Creio que, em termos legislativos, estamos a progredir no sentido positivo e temos criadas as condições para apoiar e não discriminar as pessoas transgénero. Já no capítulo do acesso aos cuidados de saúde, devem continuar a ser criadas as melhores condições para um acesso facilitado e célere ao processo de mudança de sexo. O que implica um trabalho multidisciplinar entre médicos e psicólogos que é, a meu ver, essencial e não deveria ser colocado em causa.

Qual deve ser o papel dos familiares neste processo e que tipo de conselhos lhes pode dar?
É extremamente difícil lidar com estas situações por causa do sofrimento causado e da dificuldade de acesso à ajuda. Os pais devem reconhecer que nem todos se identificam com o sexo com que nasceram. E que, apesar dos seus filhos serem diferentes da maioria, há outras pessoas como eles. Devem aceitá-los, incondicionalmente, e fazer todo o possível para os ajudar. Diria que, em termos do que é o apoio médico-psicológico e legislativo, devemos caminhar sempre no sentido de facilitar e ajudar não só as pessoas transgénero, como também as suas famílias.
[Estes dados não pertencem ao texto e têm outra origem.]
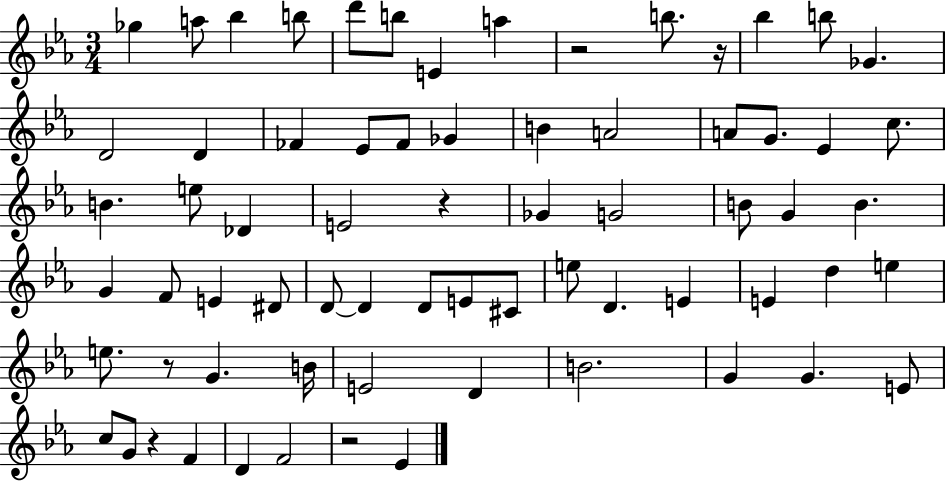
{
  \clef treble
  \numericTimeSignature
  \time 3/4
  \key ees \major
  ges''4 a''8 bes''4 b''8 | d'''8 b''8 e'4 a''4 | r2 b''8. r16 | bes''4 b''8 ges'4. | \break d'2 d'4 | fes'4 ees'8 fes'8 ges'4 | b'4 a'2 | a'8 g'8. ees'4 c''8. | \break b'4. e''8 des'4 | e'2 r4 | ges'4 g'2 | b'8 g'4 b'4. | \break g'4 f'8 e'4 dis'8 | d'8~~ d'4 d'8 e'8 cis'8 | e''8 d'4. e'4 | e'4 d''4 e''4 | \break e''8. r8 g'4. b'16 | e'2 d'4 | b'2. | g'4 g'4. e'8 | \break c''8 g'8 r4 f'4 | d'4 f'2 | r2 ees'4 | \bar "|."
}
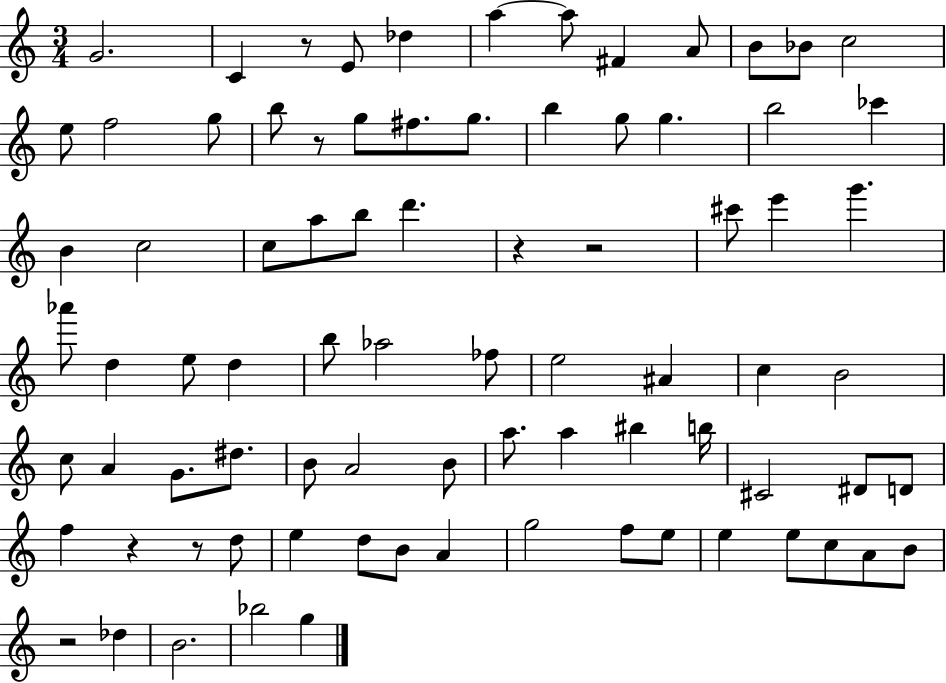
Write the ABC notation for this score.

X:1
T:Untitled
M:3/4
L:1/4
K:C
G2 C z/2 E/2 _d a a/2 ^F A/2 B/2 _B/2 c2 e/2 f2 g/2 b/2 z/2 g/2 ^f/2 g/2 b g/2 g b2 _c' B c2 c/2 a/2 b/2 d' z z2 ^c'/2 e' g' _a'/2 d e/2 d b/2 _a2 _f/2 e2 ^A c B2 c/2 A G/2 ^d/2 B/2 A2 B/2 a/2 a ^b b/4 ^C2 ^D/2 D/2 f z z/2 d/2 e d/2 B/2 A g2 f/2 e/2 e e/2 c/2 A/2 B/2 z2 _d B2 _b2 g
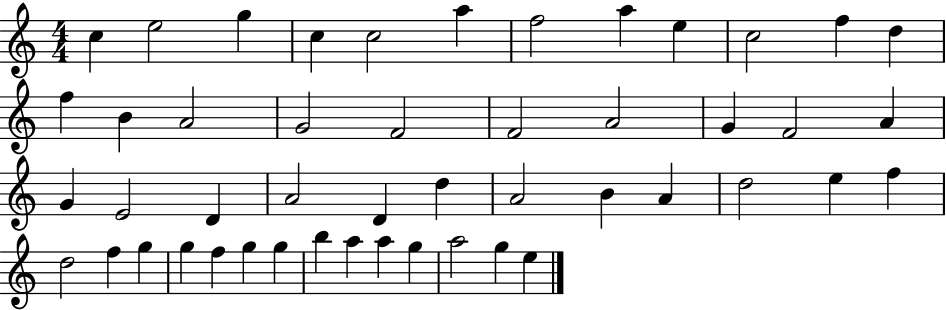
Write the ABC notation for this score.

X:1
T:Untitled
M:4/4
L:1/4
K:C
c e2 g c c2 a f2 a e c2 f d f B A2 G2 F2 F2 A2 G F2 A G E2 D A2 D d A2 B A d2 e f d2 f g g f g g b a a g a2 g e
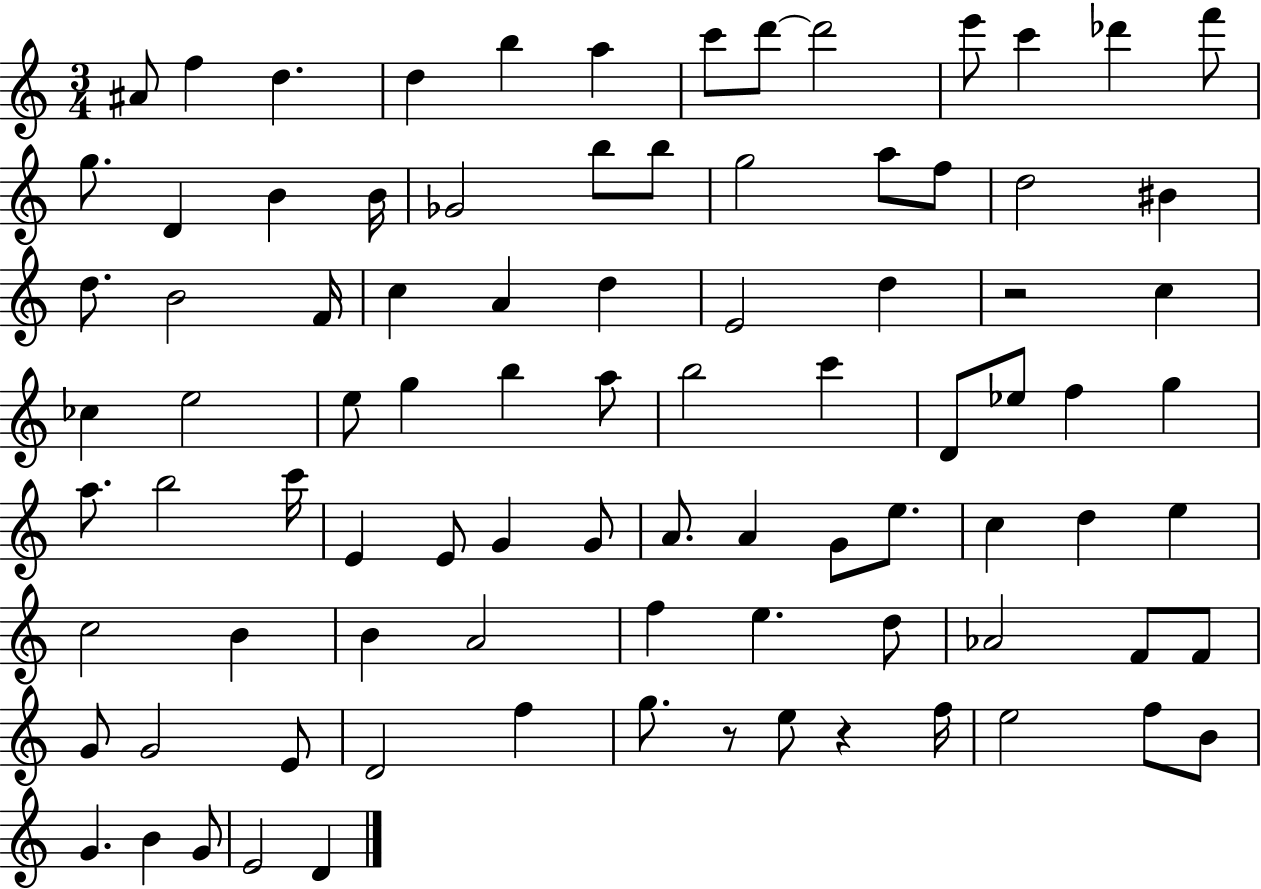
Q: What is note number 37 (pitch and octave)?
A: E5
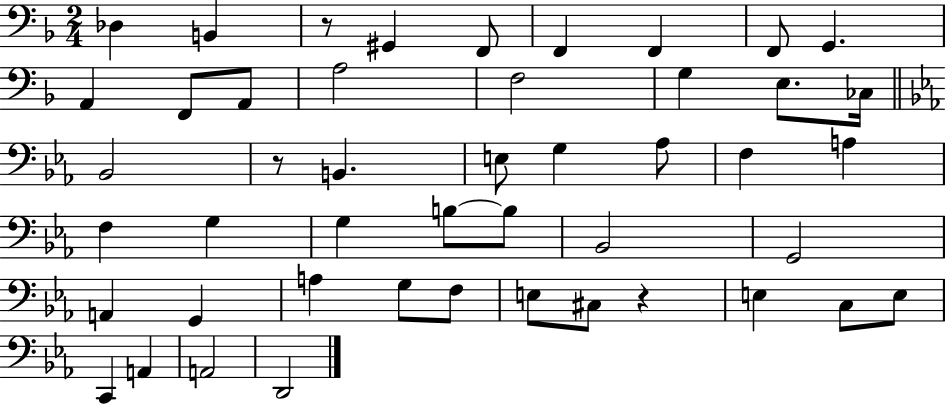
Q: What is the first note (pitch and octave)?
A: Db3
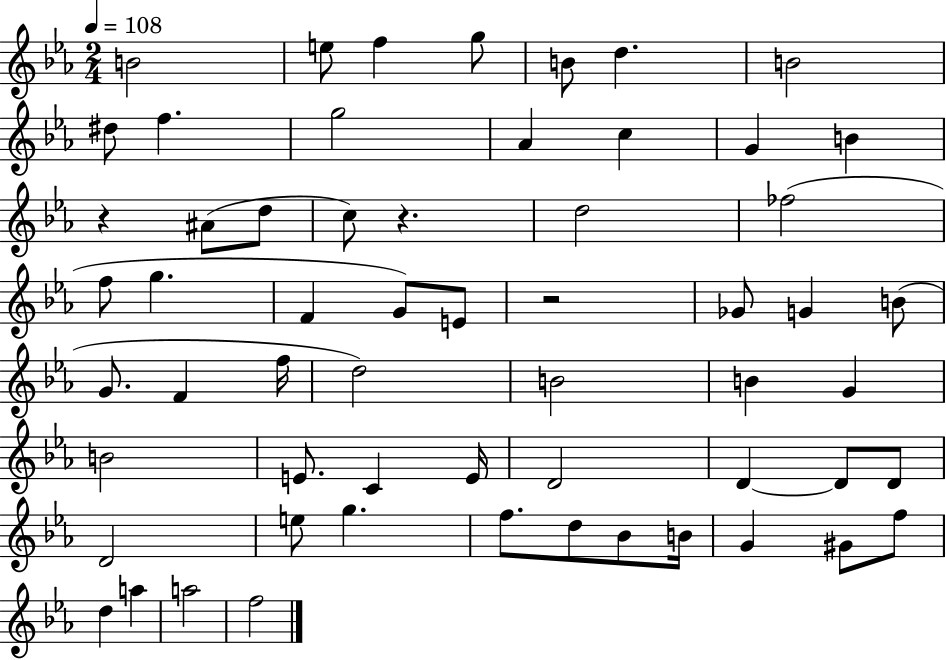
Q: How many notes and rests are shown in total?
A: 59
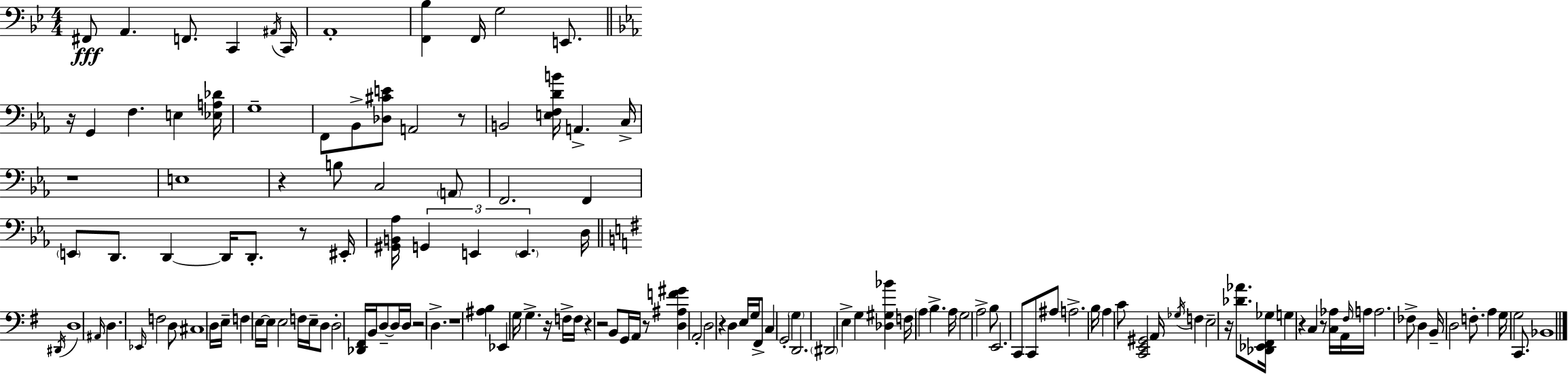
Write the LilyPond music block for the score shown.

{
  \clef bass
  \numericTimeSignature
  \time 4/4
  \key g \minor
  fis,8\fff a,4. f,8. c,4 \acciaccatura { ais,16 } | c,16 a,1-. | <f, bes>4 f,16 g2 e,8. | \bar "||" \break \key c \minor r16 g,4 f4. e4 <ees a des'>16 | g1-- | f,8 bes,8-> <des cis' e'>8 a,2 r8 | b,2 <e f d' b'>16 a,4.-> c16-> | \break r1 | e1 | r4 b8 c2 \parenthesize a,8 | f,2. f,4 | \break \parenthesize e,8 d,8. d,4~~ d,16 d,8.-. r8 eis,16-. | <gis, b, aes>16 \tuplet 3/2 { g,4 e,4 \parenthesize e,4. } d16 | \bar "||" \break \key g \major \acciaccatura { dis,16 } d1 | \grace { ais,16 } d4. \grace { ees,16 } f2 | d8 cis1 | d16 e16-- f4 e16~~ e16 e2 | \break f16 e16-- d8 d2-. <des, fis,>16 | b,16 d8--~~ d16 d16 r2 d4.-> | r1 | <ais b>4 ees,4 g16 g4.-> | \break r16 f16-> f16 r4 r2 | b,8 g,16 a,16 r8 <d ais f' gis'>4 a,2-. | d2 r4 d4 | e16 g16 fis,8-> c4 g,2-. | \break \parenthesize g4 d,2. | \parenthesize dis,2 e4-> g4 | <des gis bes'>4 f16 \parenthesize a4 b4.-> | a16 g2 a2-> | \break b8 e,2. | c,8 c,8 ais8 a2.-> | b16 a4 c'8 <c, e, gis,>2 | a,16 \acciaccatura { ges16 } f4 e2-- | \break r16 <des' aes'>8. <des, ees, fis, ges>16 g4 r4 c4 | r8 <c aes>16 a,16 \grace { fis16 } a16 a2. | fes8-> d4 b,16-- d2 | f8.-. a4 g16 g2 | \break c,8. bes,1 | \bar "|."
}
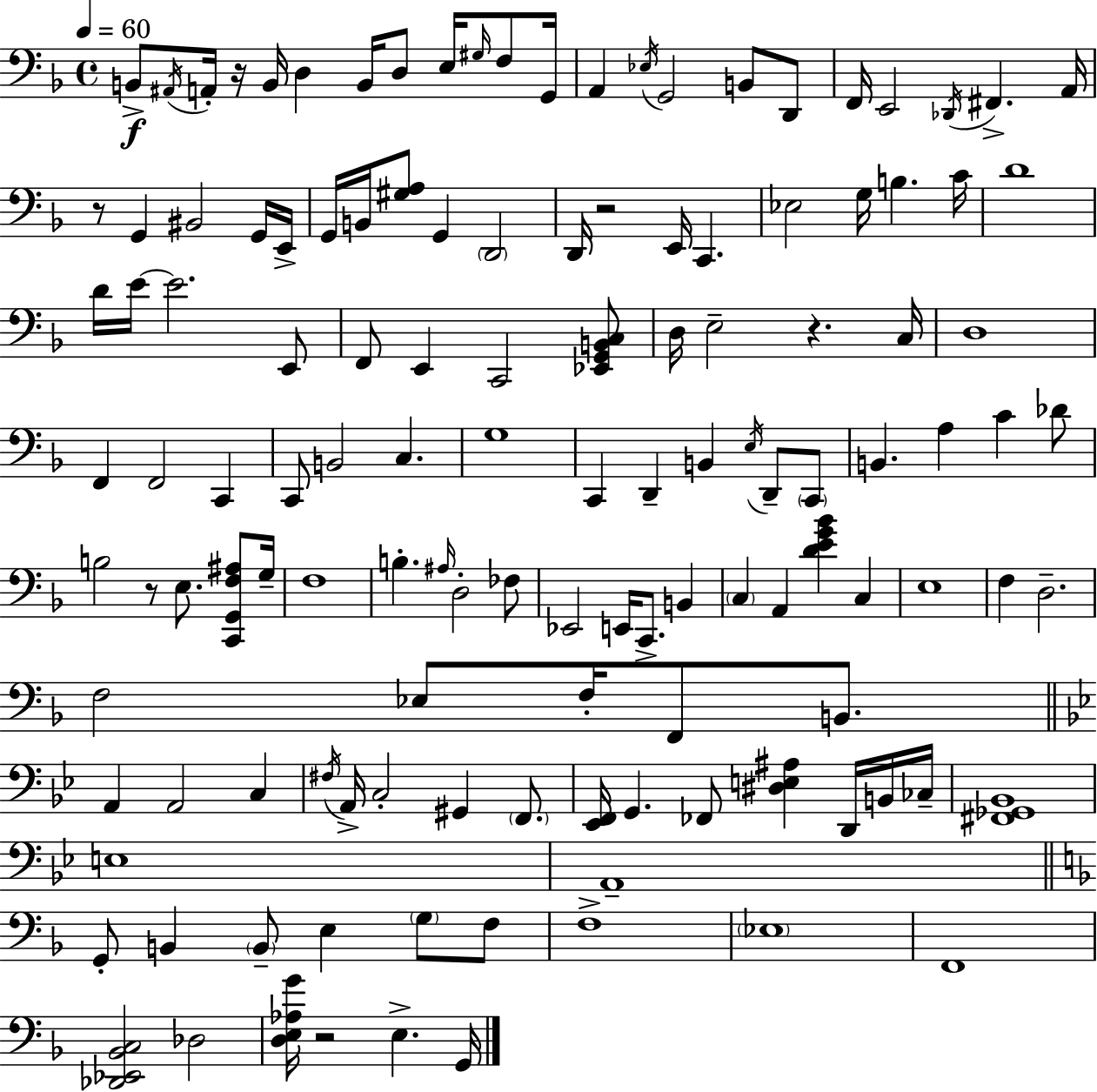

Quais são os principais problemas que as pessoas transgénero enfrentam em Portugal?
Uma das queixas e polémicas actuais é a de que o apoio do Serviço Nacional de Saúde, aparentemente, não está a ser tão célere e eficaz como as pessoas gostariam. É fundamental criar condições para que haja um apoio eficaz e célere de ajuda, não só no processo de mudança de sexo, mas também no apoio psicológico que seja necessário, não só aos próprios, como também aos familiares.

Como não transformar a transexualidade num problema?
Primeiro, devemos aceitar e, a partir daí, promover a visibilidade social e a não discriminação, porque, infelizmente, ainda há muito trabalho a fazer ao nível cultural e social. A aceitação por parte dos pais torna-se mais fácil se existir o reconhecimento social generalizado de que todas as pessoas são diferentes nas suas manifestações e preferências sexuais (como no caso da orientação sexual) e também na identidade de género. A diversidade nestas matérias sempre foi a norma e não a excepção. E a história sempre o mostrou.

O que vai ao encontro do que a WAS defende?
A missão da WAS é trabalhar no sentido de defender o direito à saúde sexual e à autodeterminação em termos de preferências sexuais, de identidade de género e de tudo aquilo que tem a ver com a plena satisfação dos direitos sexuais desde que não sejam postas em causa as preferências e os direitos de terceiros.

A igualdade de saúde e de direitos sexuais para todos ainda é um problema em Portugal?
Sim, ainda há muito a fazer. Mas tem havido alterações legislativas muito significativas no sentido da não discriminação e do maior reconhecimento dos direitos sexuais.

O que falta fazer?
É preciso levar a discussão para o espaço mediático, para que quem nunca ouviu falar disto perceba que há pessoas que sofrem e que é preciso aceitá-las, porque nem todos somos iguais no que toca a experiências e preferências sexuais. É um trabalho interminável da WAS, que tem de ter relações fortes com organizações como a OMS e a ONU.

Como falar sobre abuso sexual com as crianças?
É importante saberem que existem adultos que infelizmente lhes podem fazer mal. Deve-se falar com com elas tal como se faz sobre as actuais ameaças de terrorismo e outras situações de ameaça grave. É um mito a ideia de que as protegemos se não falarmos sobre o tema. Isso deve ser feito o mais cedo possível, dependendo do estágio de desenvolvimento da criança, sabendo adequar a mensagem.

O que se pode fazer em relação aos abusadores sexuais de crianças?
Como psicólogo, e não necessariamente na condição de presidente da WAS, defendo que os abusadores sexuais devem ser ajudados. Ou seja, é importante usar estratégias punitivas, de criminalização, mas também ir além disso, como trabalhar no sentido de os ajudar a mudar comportamentos. Apesar de ser difícil, há investigações que mostram que é possível mudar e diminuir comportamentos de risco. O que não podemos fazer é enfiar a cabeça na areia e pensar que é possível um mundo livre de abusadores sexuais. Infelizmente, eles sempre existiram e sempre existirão.